In the aftermath of the deadly Paris attacks, cities around the globe may be feeling vulnerable and are struggling to balance a need for security-at-any-cost with basic civil rights.

Mosques and Muslim organizations from Omaha to Florida have reported hate crimes in recent days. A volunteer and teacher at the Islamic Society of St. Petersburg, Fla., mosque told federal authorities that a caller threatened to "firebomb" the mosque and shoot people in the head. The caller said Friday's attacks in Paris were "the last straw," reported The Associated Press.

The mosque canceled prayer; St. Petersburg Police added extra patrols following the threat. On Monday, the FBI said the threats were not credible. 

Meanwhile presidential hopefuls are crafting their responses to the attacks, preparing for a topic that is likely to become a focal theme in the presidential race going forward

Republican candidate Donald Trump told MSNBC Monday that he would consider closing US mosques with radical leaders if he were elected president.

"I would hate to do it, but it's something that you're going to have to strongly consider," Mr. Trump said.

He also said Americans have to reassess some of their civil liberties in response to growing threats from Islamic State terrorists.

"We have to be much tougher," he said in another interview on CNBC, reports the AP. "We are going to have to give up certain privileges that we've always had."

In fact, Trump's comments echo those made by Belgium's prime minister.

Belgium is doing some public soul-searching to determine why radical Islam has flourished there. The mayor of the Brussels district of Molenbeek, a run-down neighborhood that’s home to predominantly Muslim immigrants, called it "a breeding ground for violence." 

Belgian police have raided Molenbeek addresses arresting seven people in connection with Friday’s attacks. Two of the Paris attackers were Frenchmen residing in Belgium, reports Business Insider. 

"Almost every time, there is a link to Molenbeek," said the country’s 39-year-old centrist prime minister Charles Michel, whose government is battling radical Islamists who have recruited hundreds of Belgians to fight in Syria.

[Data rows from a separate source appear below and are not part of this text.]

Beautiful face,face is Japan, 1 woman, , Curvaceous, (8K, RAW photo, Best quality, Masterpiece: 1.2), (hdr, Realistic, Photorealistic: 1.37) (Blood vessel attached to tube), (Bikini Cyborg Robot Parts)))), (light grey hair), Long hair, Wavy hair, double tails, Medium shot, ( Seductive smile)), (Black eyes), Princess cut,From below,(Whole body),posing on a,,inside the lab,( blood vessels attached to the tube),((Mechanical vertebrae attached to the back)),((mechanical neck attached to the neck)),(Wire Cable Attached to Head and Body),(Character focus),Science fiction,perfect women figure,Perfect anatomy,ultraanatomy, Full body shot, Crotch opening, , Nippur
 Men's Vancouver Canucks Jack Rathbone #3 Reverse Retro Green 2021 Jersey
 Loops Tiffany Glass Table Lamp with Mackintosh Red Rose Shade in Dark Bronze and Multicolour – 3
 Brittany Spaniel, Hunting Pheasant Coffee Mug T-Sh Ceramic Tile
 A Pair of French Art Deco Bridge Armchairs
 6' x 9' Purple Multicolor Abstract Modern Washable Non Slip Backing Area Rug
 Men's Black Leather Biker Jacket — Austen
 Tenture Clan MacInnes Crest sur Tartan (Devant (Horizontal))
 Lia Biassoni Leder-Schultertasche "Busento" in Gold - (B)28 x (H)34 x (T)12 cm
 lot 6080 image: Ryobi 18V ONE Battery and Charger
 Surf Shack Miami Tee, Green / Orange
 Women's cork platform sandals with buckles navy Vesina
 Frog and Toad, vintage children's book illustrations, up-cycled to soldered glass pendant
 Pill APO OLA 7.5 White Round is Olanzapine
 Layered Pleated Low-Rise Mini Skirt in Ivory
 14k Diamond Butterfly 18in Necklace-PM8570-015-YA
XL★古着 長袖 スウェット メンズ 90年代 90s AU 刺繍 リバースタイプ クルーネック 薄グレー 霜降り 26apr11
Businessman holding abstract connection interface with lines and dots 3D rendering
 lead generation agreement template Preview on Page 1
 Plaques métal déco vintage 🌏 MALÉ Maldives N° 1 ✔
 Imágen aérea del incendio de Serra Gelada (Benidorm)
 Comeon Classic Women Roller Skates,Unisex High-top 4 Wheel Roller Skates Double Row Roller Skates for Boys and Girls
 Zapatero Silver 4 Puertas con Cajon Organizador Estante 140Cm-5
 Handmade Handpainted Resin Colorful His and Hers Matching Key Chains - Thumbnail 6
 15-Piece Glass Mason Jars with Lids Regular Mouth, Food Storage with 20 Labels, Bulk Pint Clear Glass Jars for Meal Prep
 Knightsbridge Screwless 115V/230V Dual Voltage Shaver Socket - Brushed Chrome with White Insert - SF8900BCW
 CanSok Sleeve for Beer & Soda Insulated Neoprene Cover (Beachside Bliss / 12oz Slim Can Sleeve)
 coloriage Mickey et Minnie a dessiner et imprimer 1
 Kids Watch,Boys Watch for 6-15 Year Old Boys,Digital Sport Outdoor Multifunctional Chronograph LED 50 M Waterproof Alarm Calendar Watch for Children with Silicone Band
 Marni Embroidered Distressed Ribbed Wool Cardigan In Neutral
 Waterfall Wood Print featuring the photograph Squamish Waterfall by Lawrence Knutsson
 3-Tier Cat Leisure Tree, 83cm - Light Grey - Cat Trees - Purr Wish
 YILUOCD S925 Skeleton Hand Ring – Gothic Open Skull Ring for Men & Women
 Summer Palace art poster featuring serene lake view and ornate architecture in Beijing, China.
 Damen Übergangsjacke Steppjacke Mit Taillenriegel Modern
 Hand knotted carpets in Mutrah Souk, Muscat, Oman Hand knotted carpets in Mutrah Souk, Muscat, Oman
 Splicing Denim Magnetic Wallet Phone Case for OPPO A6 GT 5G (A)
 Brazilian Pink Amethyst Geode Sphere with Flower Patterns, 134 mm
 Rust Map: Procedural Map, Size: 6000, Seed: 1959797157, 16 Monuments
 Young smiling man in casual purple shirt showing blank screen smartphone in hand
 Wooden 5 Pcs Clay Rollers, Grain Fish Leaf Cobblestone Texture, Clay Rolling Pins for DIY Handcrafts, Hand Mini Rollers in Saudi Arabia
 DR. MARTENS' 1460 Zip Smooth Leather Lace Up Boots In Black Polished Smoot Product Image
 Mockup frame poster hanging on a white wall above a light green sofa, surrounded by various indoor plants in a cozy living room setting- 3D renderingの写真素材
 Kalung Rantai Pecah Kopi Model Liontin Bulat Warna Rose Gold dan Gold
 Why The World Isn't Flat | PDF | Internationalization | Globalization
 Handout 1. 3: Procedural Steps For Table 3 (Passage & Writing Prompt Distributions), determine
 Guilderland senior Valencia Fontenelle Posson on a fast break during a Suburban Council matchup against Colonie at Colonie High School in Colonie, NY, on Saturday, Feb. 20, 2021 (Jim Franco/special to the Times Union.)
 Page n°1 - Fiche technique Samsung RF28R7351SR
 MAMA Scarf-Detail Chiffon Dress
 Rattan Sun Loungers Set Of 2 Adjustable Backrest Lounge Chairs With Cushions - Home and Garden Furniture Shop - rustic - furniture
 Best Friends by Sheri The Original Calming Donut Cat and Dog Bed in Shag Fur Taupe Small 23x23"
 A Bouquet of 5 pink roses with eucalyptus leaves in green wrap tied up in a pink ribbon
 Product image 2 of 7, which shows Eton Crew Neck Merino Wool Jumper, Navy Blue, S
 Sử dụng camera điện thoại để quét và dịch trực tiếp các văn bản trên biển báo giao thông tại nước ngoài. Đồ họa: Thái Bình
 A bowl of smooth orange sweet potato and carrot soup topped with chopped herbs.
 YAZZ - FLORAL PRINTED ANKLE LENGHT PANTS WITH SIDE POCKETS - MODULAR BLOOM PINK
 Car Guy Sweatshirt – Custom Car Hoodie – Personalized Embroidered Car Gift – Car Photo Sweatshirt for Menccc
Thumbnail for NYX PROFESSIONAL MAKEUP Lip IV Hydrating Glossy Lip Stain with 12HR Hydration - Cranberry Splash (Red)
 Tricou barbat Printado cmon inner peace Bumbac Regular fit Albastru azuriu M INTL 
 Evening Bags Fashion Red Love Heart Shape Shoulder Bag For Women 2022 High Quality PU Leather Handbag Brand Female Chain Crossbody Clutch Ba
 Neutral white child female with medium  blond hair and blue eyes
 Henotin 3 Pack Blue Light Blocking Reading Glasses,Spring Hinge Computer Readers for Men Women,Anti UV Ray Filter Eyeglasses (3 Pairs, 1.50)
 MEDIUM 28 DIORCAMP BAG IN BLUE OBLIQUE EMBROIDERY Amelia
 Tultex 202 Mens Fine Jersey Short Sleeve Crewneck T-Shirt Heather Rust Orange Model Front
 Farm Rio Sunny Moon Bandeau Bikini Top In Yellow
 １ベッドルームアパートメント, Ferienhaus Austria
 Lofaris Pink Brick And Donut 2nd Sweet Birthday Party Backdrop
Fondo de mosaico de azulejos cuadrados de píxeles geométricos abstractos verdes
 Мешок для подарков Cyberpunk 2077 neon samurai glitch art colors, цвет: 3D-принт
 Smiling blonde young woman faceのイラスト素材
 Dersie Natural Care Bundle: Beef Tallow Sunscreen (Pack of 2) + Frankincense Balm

Mr. Michel has threatened to close “certain radical mosques” in Molenbeek that security services view as a launch pad for terrorism, reports the Financial Times.

Though Jamal Ikazban, a socialist lawmaker in the Brussels parliament, said that won’t address the heart of the problem, which he identifies as lack of investment in education and housing that created the economic and social weakness that inspired young radicals to thrive in the Brussels neighborhood.

“Religion is not the main access point [to radicalisation],” Mr. Ikasban told the Financial Times. “It is that they cannot see any future for themselves.”

This is what the New York Police Department, under Mayor Bill de Blasio, had determined when it abandoned a program last year that spied on Muslim residents following lawsuits and complaints.

But Trump criticized the decision to fold the NYPD program, calling for greater surveillance in and around mosques.

"Well you're going to have to watch and study the mosques because a lot of talk is going on at the mosques," Trump said.

As The Christian Science Monitor reported recently, for many American Muslims, the past year has been one of the most difficult in recent memory. Some have even compared the current climate to the immediate aftermath of the terrorist attacks of 9/11.

Farris Barakat, who has turned to his faith as he grieves after the murder of his brother, his brother’s wife, and her sister in a February attack in North Carolina that many Muslims point to as the most extreme example of anti-Muslim violence this year.

“I do think it’s become a very monumental time for the Muslim American narrative,” Mr. Barakat says in a phone interview. “But the enemy is not the individuals, the enemy is ignorance.”